A climate change forum you should not miss

Climate Change Bear

It’s easy to get worked up about environmental threats that directly impact your home or family. The news is full of protests against a gravel pit here, a wind farm there, a paper mill that blows noxious fumes through the middle of town.

It’s much harder to sustain protest against an environmental threat like climate change that is geographically dispersed, gradual in impact, and masked by natural swings in weather conditions—even though it presents an existential threat to humankind that dwarfs gravel pits, paper mills, and even fracking.
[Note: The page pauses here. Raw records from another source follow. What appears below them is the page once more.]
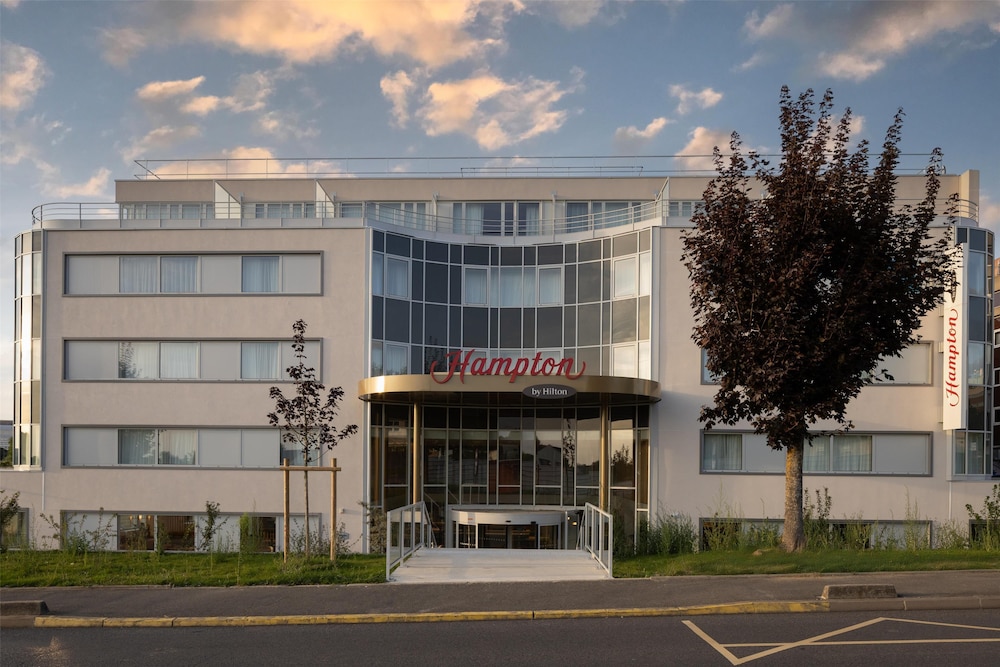Hampton By Hilton Paris Charles De Gaulle Airport — hotel in Roissy En France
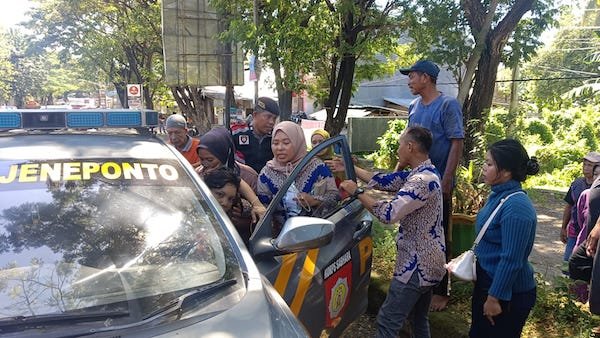 Ambulance Mogok, Polres Jeneponto Bantu Evakuasi Bumil ke Mobil Patroli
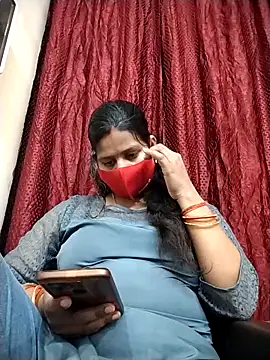 Snapshot of ankita077 chatting on March 1, 5:42 am ankita077 online show from March 1, 5:42 am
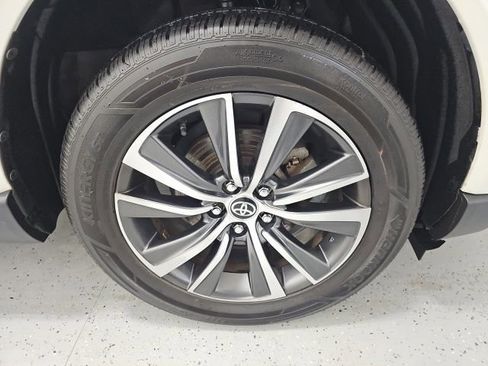 Certified 2021 Toyota Venza LE image 9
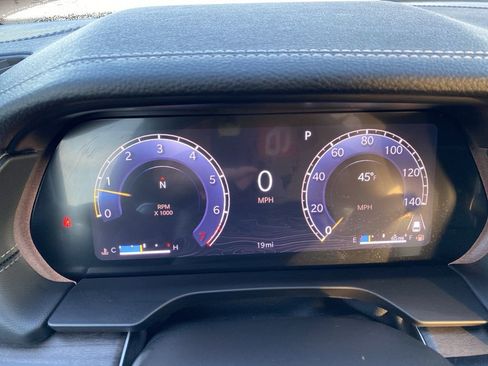 New 2025 Jeep Grand Cherokee Limited image 19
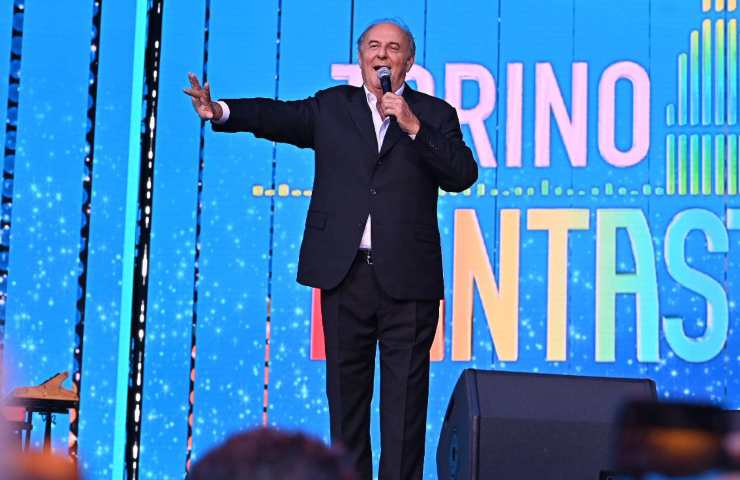 Gerry Scotti sul palco col microfono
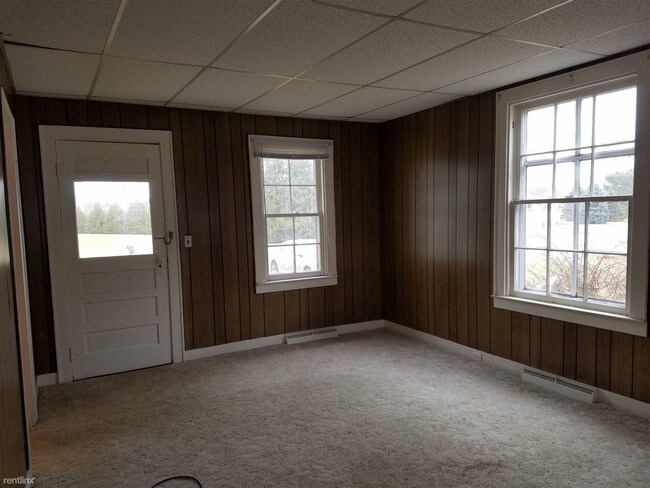 Building Photo - 10085 Vasold Rd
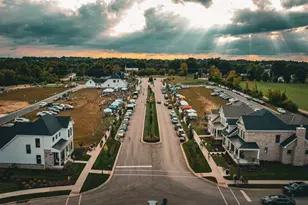 2432 Rivers Pointe Dr, Hebron, KY 41048 - Photo 10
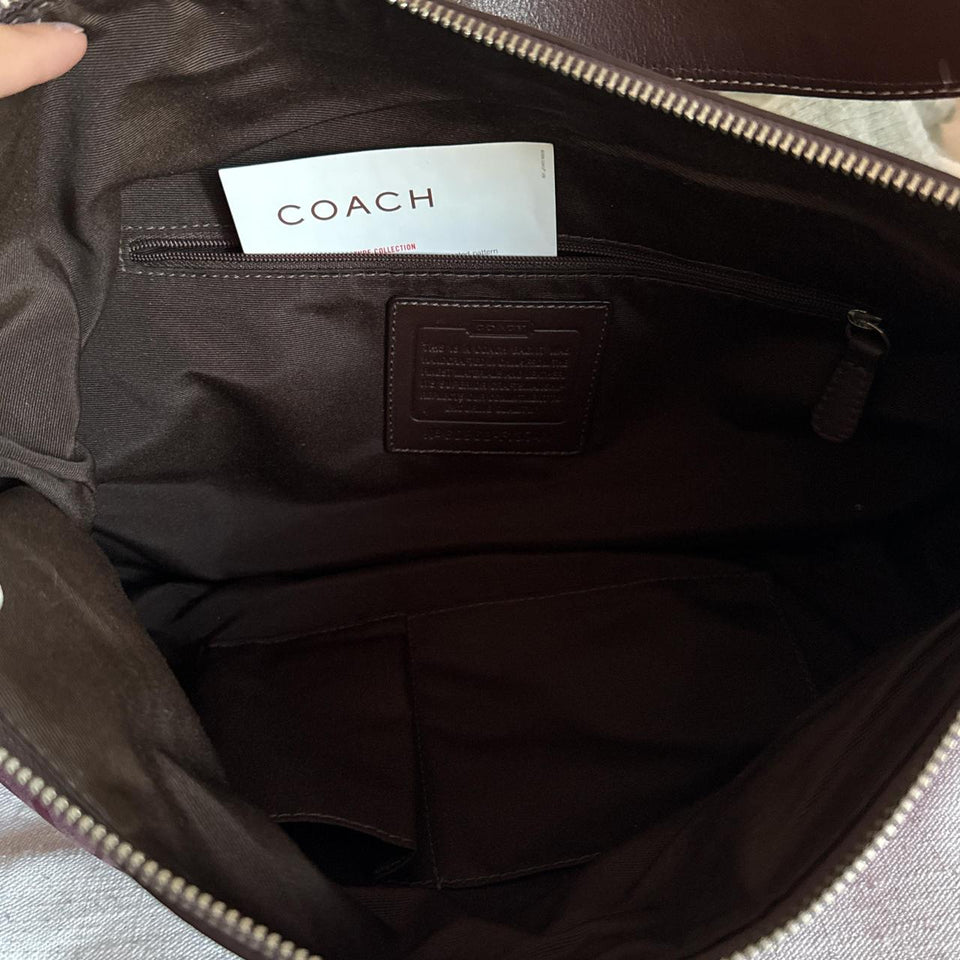 Beautiful authentic coach bag in brand new condition with tag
The environmental movement has constituents to satisfy and operating budgets to raise, so it expends too much effort on issues that are trivial (gravel pits), bogus (wind turbines), overblown (fracking), or serious but strictly local (Northern Pulp), and too little effort on human-induced climate change, the defining issue of our time.

So I’m glad the New Dawn Centre for Social Innovation and its Films for Change program are planning a four-hour People’s Climate Forum Sunday in Sydney to complement the Largest Climate Change March in History, to be staged the same day in New York City. Both events, and many others around the world*, form part of the lead-up to Tuesday’s United Nations Climate Summit** at UN headquarters in New York.

The Sydney forum (noon to 4 p.m., 37 Napean St.) includes the Cape Breton premiere of CBU professor Ashlee Cunsolo Willox’s documentary film, Lament for the Land, which catalogs the impact of climate change on the Inuit people of Labrador.

Part of the four-hour Sydney session (noon to 4 p.m.) will be devoted to “conversation tables,” with such topics as climate change and health, digital media for social change, climate change and local fisheries, Mi’kmaq sustainability and adaptation, community connections, and enviro-learning activities for children. Charlie Dennis, Senior Advisor for the Unma’ki Institute for Natural Resources, and Mi’kmaq elder Albert Marshall will be among the discussion leaders.

I hope I’ll see lots of Contrarian readers there. This is as important as an issue can be.

* Halifax has a march.

** Prime Minister Stephen Harper does not plan to attend the UN summit.